M. Bush, dont c'était la première visite à vie à Montréal, est probablement reparti avec l'impression qu'il compte ici plus de supporters que dans la majorité des grandes villes américaines.

Pendant la période d'entretien avec John Parisella, après son discours, l'ancien président a manifesté un agacement palpable devant l'insistance de l'intervieweur. Un agacement perceptible aussi parmi bon nombre de personnes dans la salle, qui, visiblement, n'appréciaient pas que l'on cuisine W. Pourtant, cela a été fait avec respect et retenue.

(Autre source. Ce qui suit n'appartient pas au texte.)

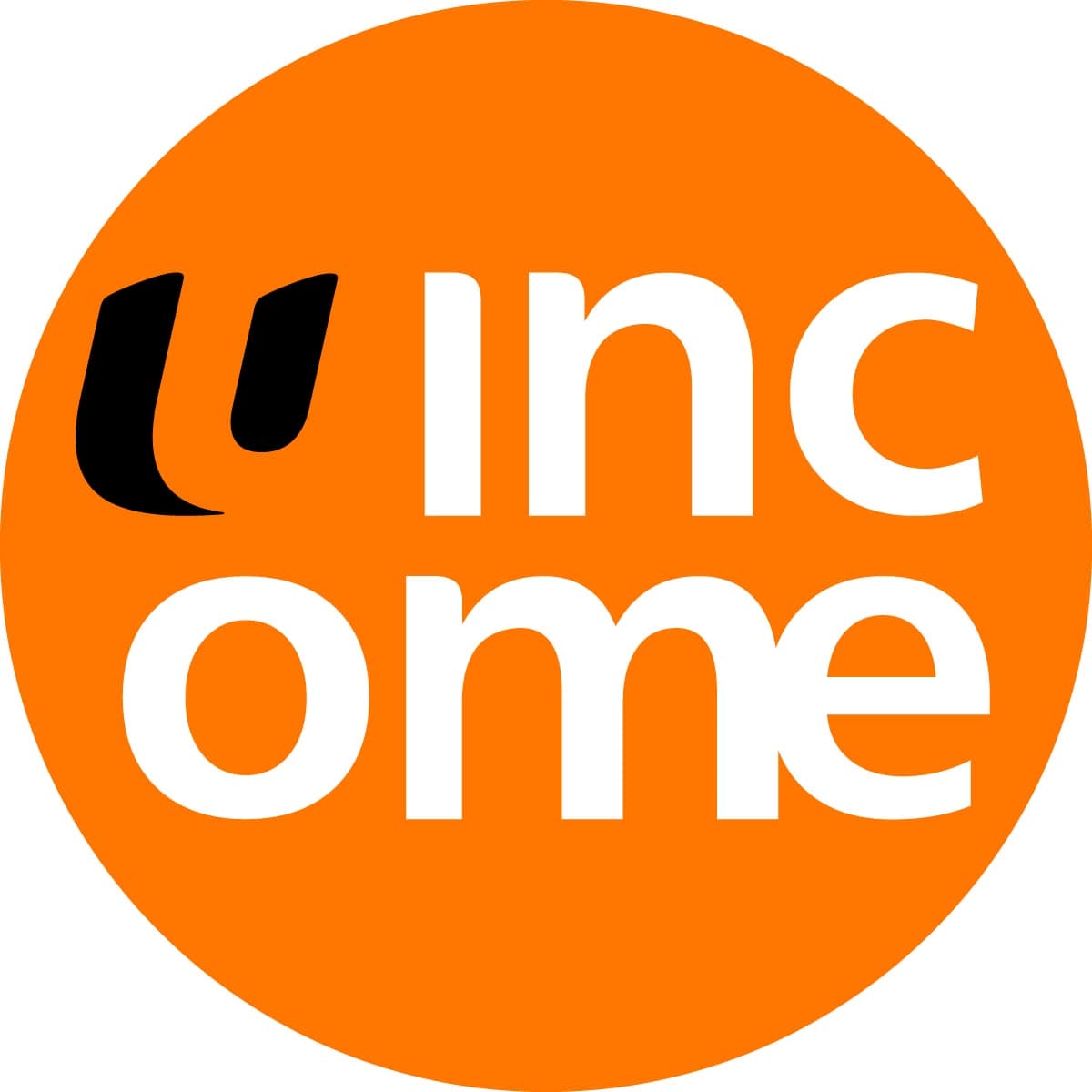 Income Insurance Singapore logo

Dans une entrevue à ma collègue Agnès Gruda, publiée hier dans nos pages, John Parisella disait vouloir poser des questions sur le bilan du président Bush afin de «savoir s'il a des regrets et s'il reconnaît ses erreurs».

M. Parisella a fréquenté trop de politiciens pour ne pas savoir que ceux-ci, une fois à la retraite, reconnaissent rarement leurs erreurs et n'entretiennent pas souvent des remords.

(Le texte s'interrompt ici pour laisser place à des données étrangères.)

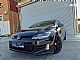 Volkswagen&nbsp;Golf&nbsp;<small><strong>2.0 GTD 7.5  DSG POLOG 1800 VIRTUAL ...</strong></small>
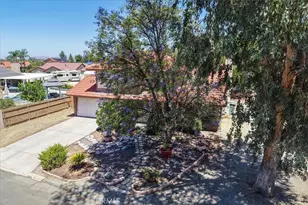 20692 Cashew St, Wildomar, CA 92595 - Photo 7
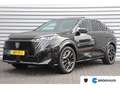 Peugeot 3008 e-3008 73KWH GT AVANTAGE 214PK / NAVI / LEDER / CL Noir - thumbnail 1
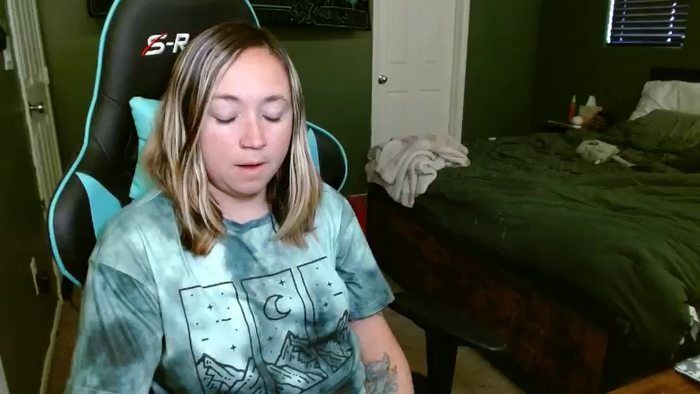 SkyJonesXO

C'est le cas de George Bush, qui a montré hier la même ferveur presque religieuse à défendre son bilan qu'il en a mis à justifier ses décisions au cours de ses deux mandats, de 2000 à 2008.

S'il a des regrets, ce n'est que sur la forme, certainement pas sur le fond. «Je regrette le choix de certains mots, a-t-il expliqué. Comme l'expression «mort ou vif» (en parlant de la capture de ben Laden) ou d'avoir dit «mission impossible» sur ce porte-avions.» (Joli lapsus, M. Bush faisait évidemment référence à l'expression, à propos de l'Irak: Mission accomplished, écrite sur une immense banderole lors de son arrivée impromptue sur un porte-avions.)

Pour le reste, M. Bush s'est employé à réécrire l'histoire, comme le font presque toujours les dirigeants après avoir quitté leurs fonctions. On n'est jamais mieux servi que par soi-même.

«C'est facile de reculer quand ça chauffe en politique et de dire: «Oh, je ne voulais pas dire ça», mais je ne suis pas comme ça. Je suis un homme de principes et je suis convaincu que j'ai pris mes décisions en fonction de mes principes», a-t-il dit.

W. ne s'est pas contenté d'écrire des grands chapitres de son autobiographie, il a aussi réécrit certains passages-clés de sa présidence. Notamment en affirmant que tous les services de renseignements du monde, «y compris le vôtre ici au Canada», a-t-il précisé, pensaient que Saddam Hussein cachait des armes de destruction massive. Assis à la table juste devant la mienne, l'ancien ambassadeur du Canada à Washington, Raymond Chrétien, faisait de grands NON en agitant la tête de droite à gauche.

En réponse à des questions sur sa décision d'envahir l'Irak, M. Bush a répondu candidement «qu'il aurait bien aimé que l'on trouve des armes de destruction massive» en Irak, mais que «armes ou pas arme», le monde est un endroit plus sûr sans Saddam Hussein, a-t-il tranché.

L'ancien président, qui nous promet ses mémoires pour l'an prochain, a par ailleurs fait l'apologie, sans surprise, du libre marché, tout en se félicitant d'avoir sauvé son pays d'une grande dépression en volant à la rescousse des marchés financiers, à la toute fin de sa présidence.

Il a aussi révélé comment il s'est senti le 11 septembre 2001, et comment il a réagi. «Le premier avion, c'était un accident. Le deuxième, une attaque. Le troisième, c'était une déclaration de guerre et j'ai alors décidé de passer à l'attaque, résolument, sans relâche», a-t-il lancé, déclenchant l'une des nombreuses salves d'applaudissements d'un public visiblement conquis.